• [Exercise prompt] Please give back the lines from the line containing "Bays Secrets Apartment by Atlantic Holiday" through the end of the listing below, exactly as written and without pictures.

____

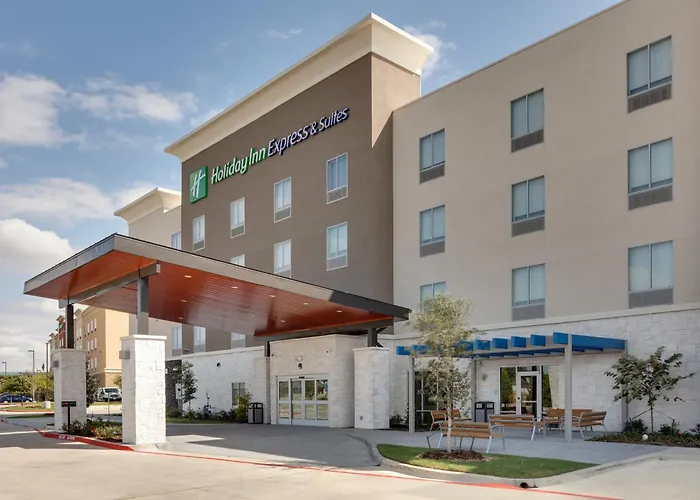 Cheap Hotels in The Colony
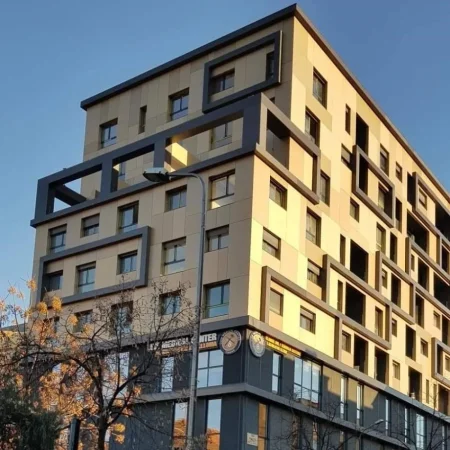 Tirane, jepet me qera apartament 2+1 , 89 m² 900 € (Stadiumi Dinamo)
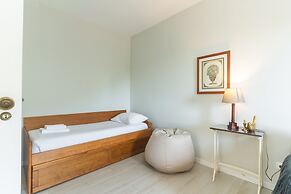 Bays Secrets Apartment by Atlantic Holiday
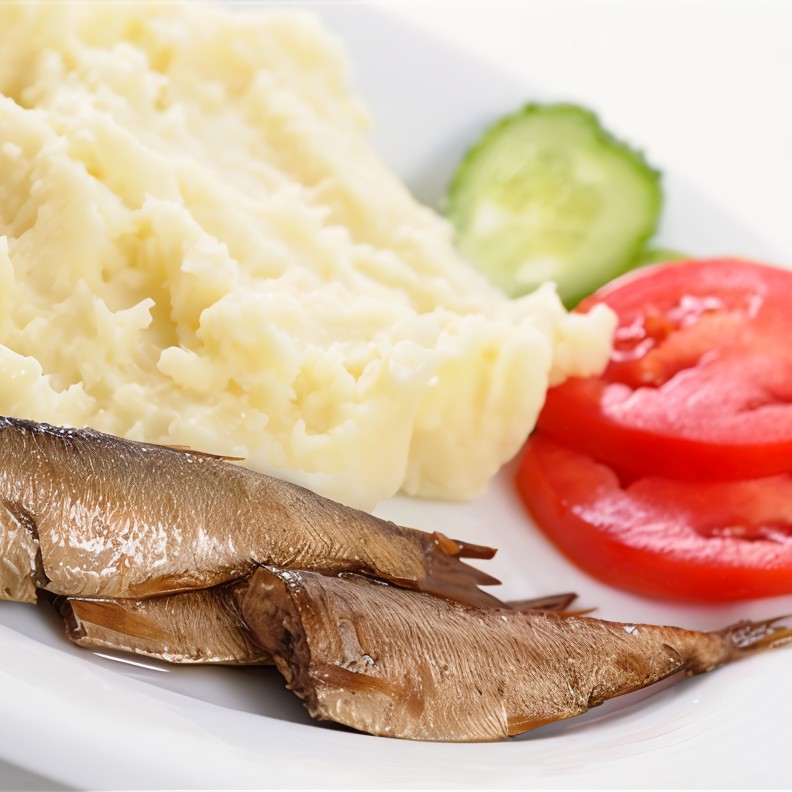 Анчоусы или кильки с картофелем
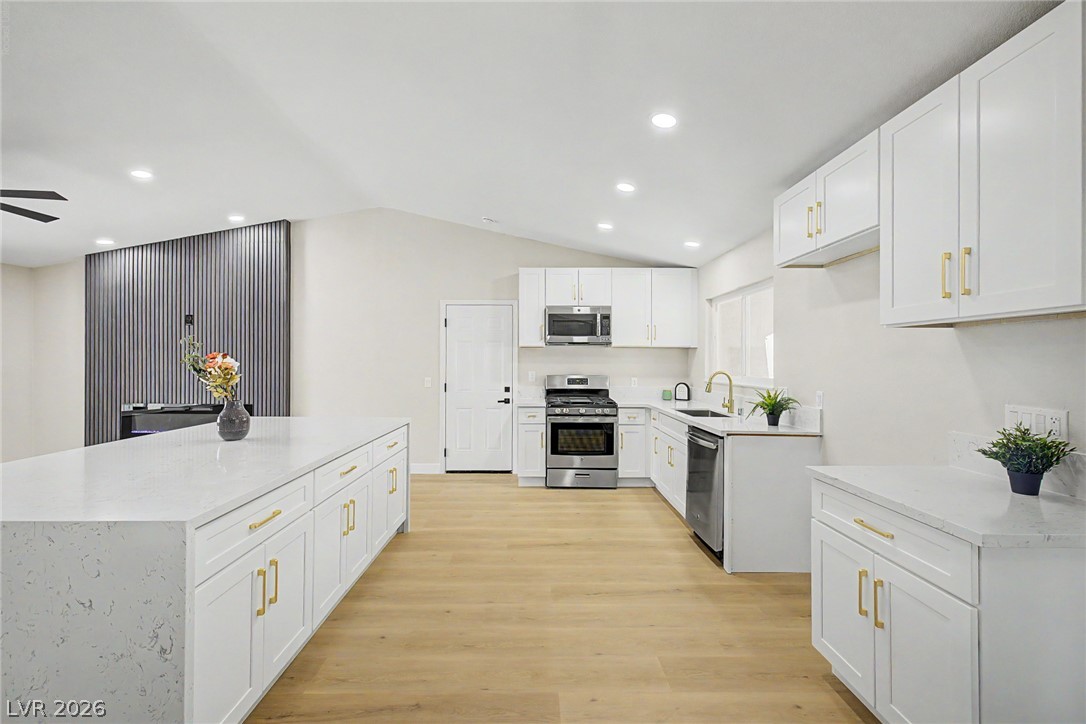 1402 Esther Drive Property Photo 11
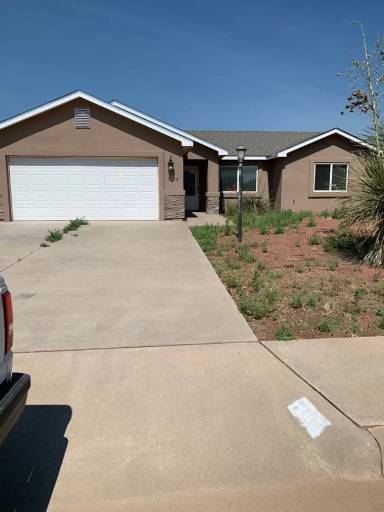 Main picture of 1704 College Park Dr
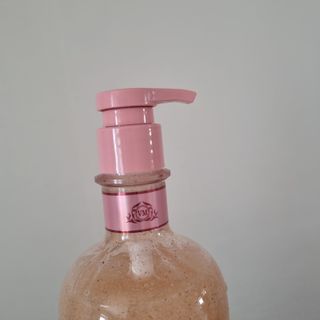 벨먼 내추럴스파 수분광채 스크럽 바디워시 600ml 5종 — 5점을 준 리뷰어가 2022년 5월 올린 사용 사진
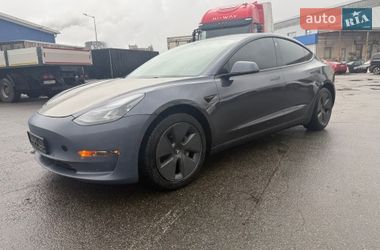 Tesla Model 3  2022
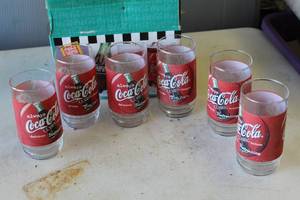 lot 422 image: vintage collectible set of Coca-Cola glassware,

____

• [Written solution]
 Bays Secrets Apartment by Atlantic Holiday
 Анчоусы или кильки с картофелем
 1402 Esther Drive Property Photo 11
 Main picture of 1704 College Park Dr
 벨먼 내추럴스파 수분광채 스크럽 바디워시 600ml 5종 — 5점을 준 리뷰어가 2022년 5월 올린 사용 사진
 Tesla Model 3  2022
 lot 422 image: vintage collectible set of Coca-Cola glassware,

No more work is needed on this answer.